It's been many, many years since I've even tried to use ODE. Bullet is an excellent engine, easily AAA/industry quality and it has shipped with plenty of games. You know you're getting a solid system that can handle almost anything you throw at it. It's getting massive GPU simulation support in the very near future too, which is a big step forward. On almost any technical merit I would choose Bullet without reservation.

What is not so good about Bullet is the documentation. We've had to pour over the source code to understand what's going on and how to use functions.

SlimDX | Ventspace Blog | Twitter | Diverse teams make better games.

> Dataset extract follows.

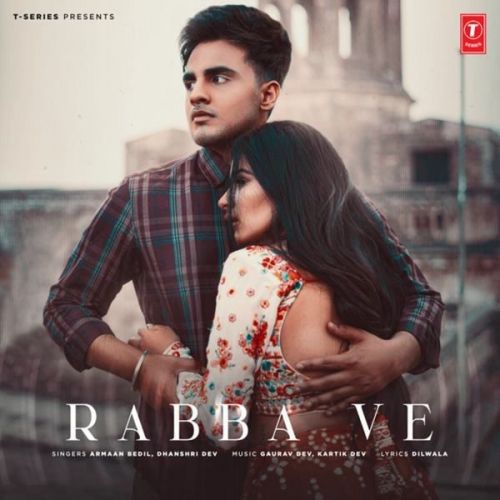 Rabba Ve Armaan Bedil, Dhanshri Dev mp3 song free download, Rabba Ve Armaan Bedil, Dhanshri Dev full album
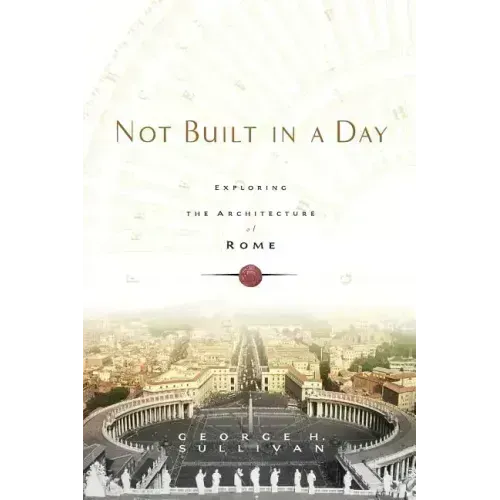 Not Built in a Day: Exploring the Architecture of Rome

I am currently hiring capable C++ engine developers in Baltimore, MD.

I got my game which uses bullet physics to work on iOS with no problems (at least, working as far as the simulator, never quite got around to getting it on a device).

Can you recall how getting it building for iOS was? I get the impression there isn't a pre-built binary/framework so I'd have to set up an XCode project and add the sources manually?

Maybe I'll just ask on the bullet forums, but I wanted to try and check it wasn't a stupid question first :)

Getting bullet to work on iOS is super easy. Ignore the instructions they give.

1) Create a new XCode iOS static library project and empty it out.

2) Add the entire bullet source tree.

3) You'll need to remove some CMake files manually, or XCode will complain about not knowing what they're for. There's also a few other things to skip like MiniCL, ibmsdk, etc.

4) Link it to your application like any XCode static library project.

I've never bothered with CMake to build bullet.